Excerpts from a dataset:
▽

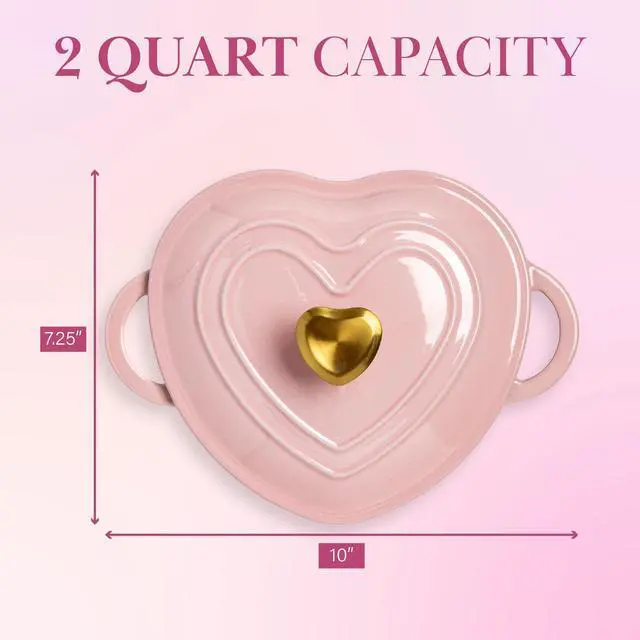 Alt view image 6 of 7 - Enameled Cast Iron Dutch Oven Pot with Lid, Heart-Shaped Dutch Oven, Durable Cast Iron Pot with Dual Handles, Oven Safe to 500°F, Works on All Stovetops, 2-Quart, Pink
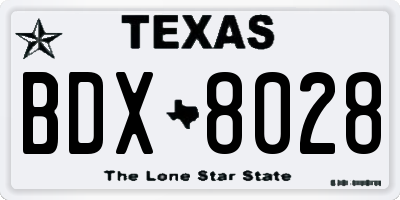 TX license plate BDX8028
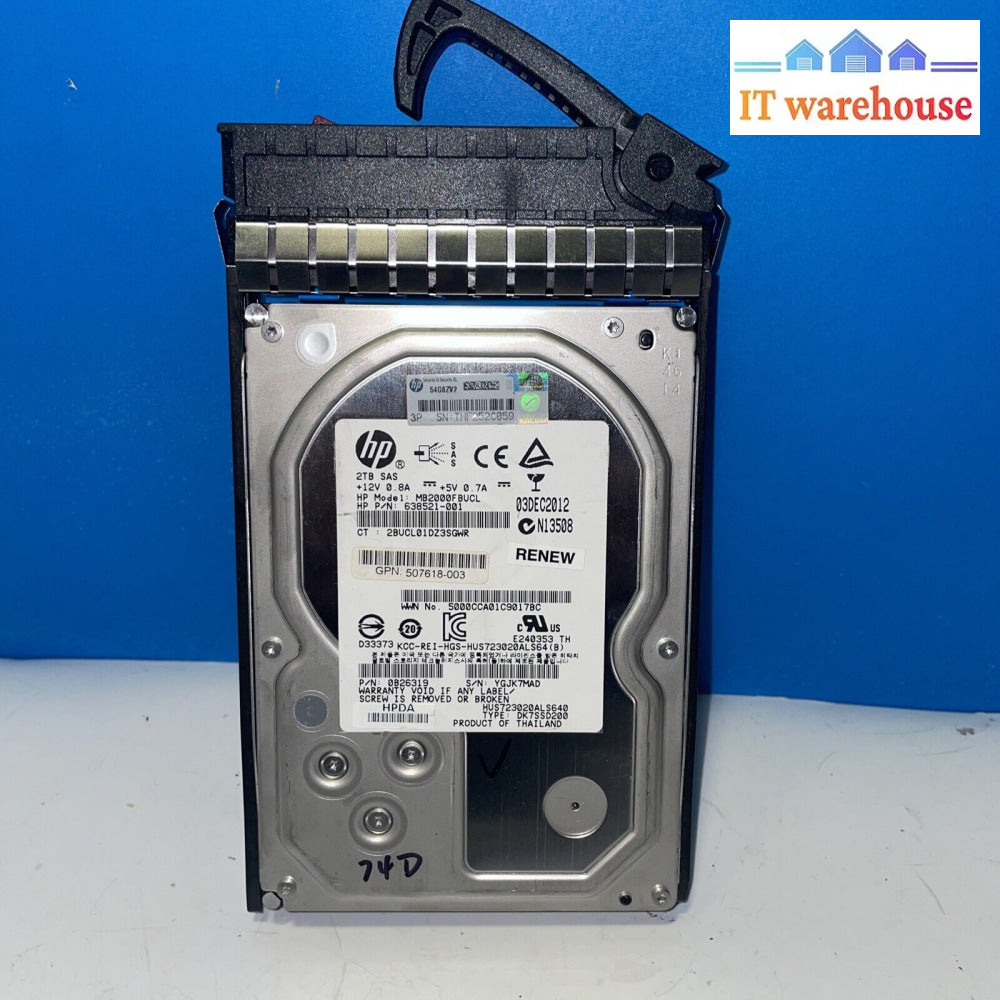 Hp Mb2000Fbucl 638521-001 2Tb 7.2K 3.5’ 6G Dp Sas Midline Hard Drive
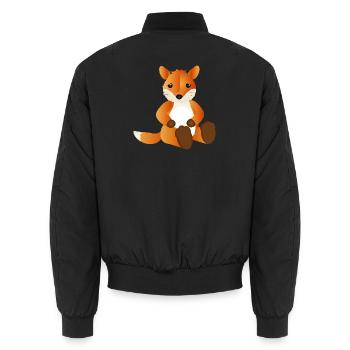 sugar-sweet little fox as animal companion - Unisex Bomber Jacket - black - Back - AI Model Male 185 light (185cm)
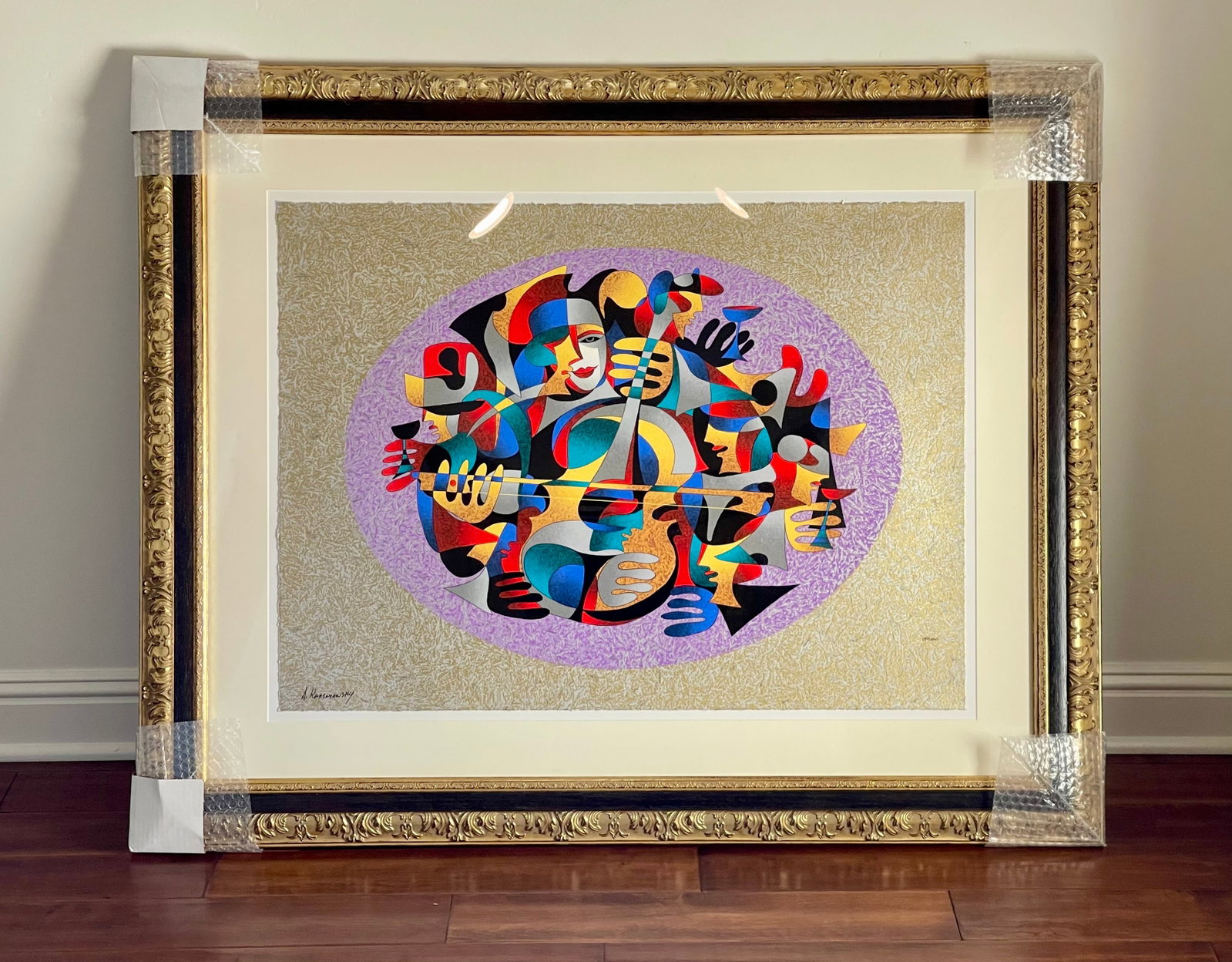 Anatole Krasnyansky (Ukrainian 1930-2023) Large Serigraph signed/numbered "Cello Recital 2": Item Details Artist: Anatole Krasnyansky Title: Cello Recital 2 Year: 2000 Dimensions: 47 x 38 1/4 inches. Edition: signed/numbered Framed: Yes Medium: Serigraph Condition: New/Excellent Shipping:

△

WHAT YOU WILL DO:
Exclude the pictures, and output exactly the lines from the one with "sugar-sweet little fox" through the last line of the records, both included.

THE ANSWER:
 sugar-sweet little fox as animal companion - Unisex Bomber Jacket - black - Back - AI Model Male 185 light (185cm)
 Anatole Krasnyansky (Ukrainian 1930-2023) Large Serigraph signed/numbered "Cello Recital 2": Item Details Artist: Anatole Krasnyansky Title: Cello Recital 2 Year: 2000 Dimensions: 47 x 38 1/4 inches. Edition: signed/numbered Framed: Yes Medium: Serigraph Condition: New/Excellent Shipping:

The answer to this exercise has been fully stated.